GFAP, CD68 and MPO immunoreactive cells in the cortical penumbra and ischemic core were assessed at 24 hr reperfusion. The upper picture shows a whole brain section in which the cortical penumbra (CP) and ischemic core (IC) areas are indicated. Panel (A) shows glial activation in the CP and IC from WT and IL-4 KO animals (20x). (B) Images and quantitation of GFAP⁺ astrocytes or CD68⁺ microglia/macrophages at 40x magnification in CP. Increase in GFAP⁺ cells is greater in WT, with no statistical difference in CD68⁺ between genotypes. (C) CD68⁺ cells and MPO⁺ leukocytes (20x) were counted in the IC after MCAO. CD68+ and MPO⁺ cells were greater in the IL-4 KO group. Scale bars, 50 μm. * P <0.05 vs sham of the same genotype, # P<0.05 vs WT MCAO. n=4 for MCAO IL-4 KO, n=5 MCAO WT, n=3 both sham groups.

Figure 4

CD68 (A) and GFAP (B) expression in the ischemic hemisphere assessed by Western. (A) CD68 protein level increases after MCAO are greater in IL-4 KO, p=0.037. n=3 sham, n=6 WT MCAO, n=7 IL-4 KO MCAO. (B) GFAP protein levels increased similarly in IL-4 KO and WT after MCAO. * P <0.05 vs sham same genotype, # P<0.05 vs WT MCAO, n=3 all groups.

Figure 5

Administration of RhIL-4 protects only in IL-4 KO mice. (A) Infarct volume in WT was unchanged with RhIL-4 (n=7) but significantly decreased in IL-4 KO-RhIL-4 (n=9) compared to IL-4KO-vehicle (p=0.0006, n=8). (B) Neurological score was unchanged in WT-RhIL-4 (p=0.28, n=4) but significantly decreased in IL-4 KO-RhIL-4 (n=9) compared to vehicle treated (n=5, p=0.01); (C) RhIL-4 did not change CD68⁺ cells in the ischemia core in WT but significantly decreased CD68⁺ cells in IL-4 KO-RhIL-4 compared to IL-4KO-vehicle (p=0.002, n=4/group). (D) IL-4 treatment did not change CD68⁺ cells in penumbra of WT (n=4) or IL-4 KO (p=0.068, n=4/each group). (E) Images of T-bet⁺ cells (Th1) or GATA-3⁺ (Th2) at 20x magnification in IC. Scale bar, 50 μm (F) Th1/Th2 ratio was greater in IL-4 KO-vehicle compared to WT-vehicle (p=0.008) or IL-4KO-RhIL-4 (p=0.008, n=4/group).
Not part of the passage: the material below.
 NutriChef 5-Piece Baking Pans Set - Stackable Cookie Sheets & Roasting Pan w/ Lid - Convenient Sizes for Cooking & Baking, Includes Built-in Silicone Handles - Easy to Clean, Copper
Th1/Th2 ratio was unchanged in WT with/without RhIL-4 (n=4/group). (G) RhIL-4 significantly decreased T-bet⁺ cells in the core of IL-4 KO compared to IL-4KO-vehicle, p=0.029 (H) Fewer GATA3⁺ cells were in the ischemic core in IL-4 KO-vehicle compared to WT-vehicle (p=0.007, n= 4/group). * P <0.05 vs vehicle injected same genotype, # P<0.05 vs WT-vehicle.